When I study lists of companies that claim to want to differentiate competitively based on customer experience, I am heartened to see companies that I wouldn't have associated with "services" beginning to focus on the customer. Retail stores, computer companies, telephone companies, car dealers, are all sounding like pure service organizations these days. Clearly, the "purchase" experience or the "usage" experience, or even the "disposal" experience, are all important when thinking through satisfaction.
"When the customer is centric to the company's design, changes throughout the company happen!"
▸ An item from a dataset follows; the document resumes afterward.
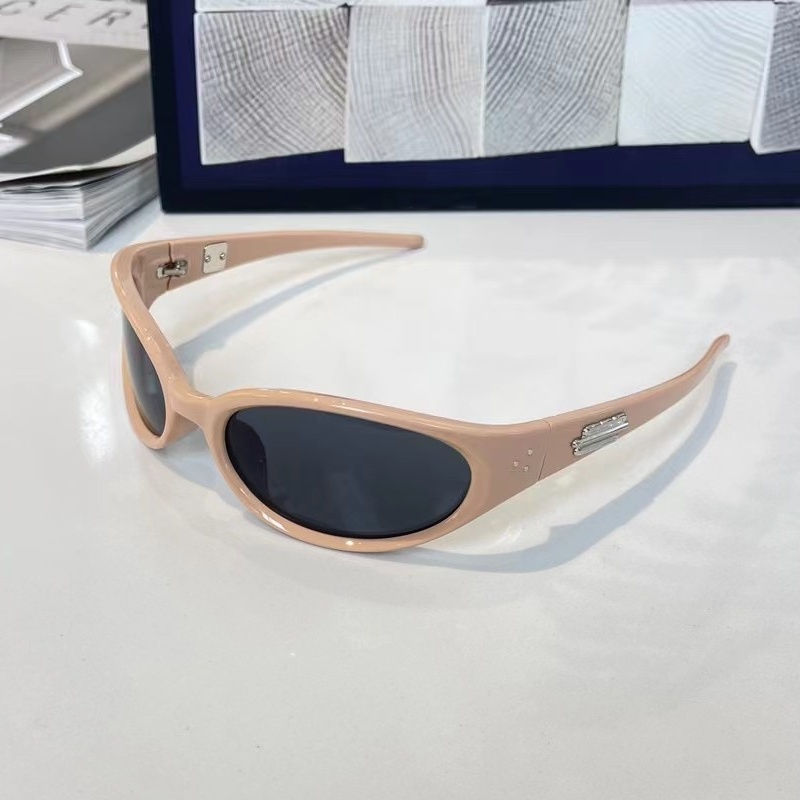 Trendy Jennie-Style Interchangeable Sports Headband Sunglasses for Women - High-End Fashion Accessory for Round and Square Faces Trendy Jennie-Style Interchangeable Sports Headband Sunglasses for Women - High-End Fashion Accessory for Round and Square Faces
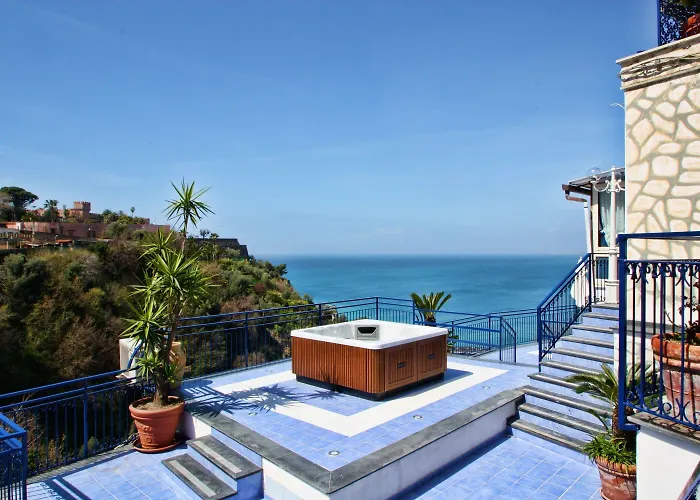 Oriente Отель Вико-Экуенсе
For example, in the retail world, some of the steps a shopper walks through in a store will add up to a good or bad customer experience. From Bruce Temkin at Forrester Research, http://experiencematters.wordpress.com/2010/03/29/walgreens-rolls-out-customer-centric-retailing/ many of these stores are now focusing on each opportunity and redesigning stores to accomodate. Steps include:
Wayfinding: From walking into the store until you find the right area
Browsing: Comparing multiple products within a category
Studying: Evaluating an individual product or products
Getting Help: Finding answers to questions along the way
So some stores are changing shelf heights and widening aisles, limiting variety of each item, providing more information about choices, and training clerks to be more informed. All in the name of improving the customer experience.
My View
The new thinking about "Customer Experience" can be useful when designing an overall premium service offering.
For those companies, such as retail stores, who depend upon sales of tangible goods, premium customer experience will lead to location loyalty and more sales of those goods. When the customer is centric to that company's design, changes throughout the company happen. For that retail store, reduced inventory means less dollars spent on idle merchandise and more focus on developing knowledgeable staff.
Most interestingly will be how these companies gain insight as to how well these changes are satisfying their customers. And then what process is used to continually improve these experiences.
This becomes even more critical when "service" is the good that is sold. Therefore, how the service is offered, delivered, consumed, and evaluated, must be designed in a way that satisfies the customer.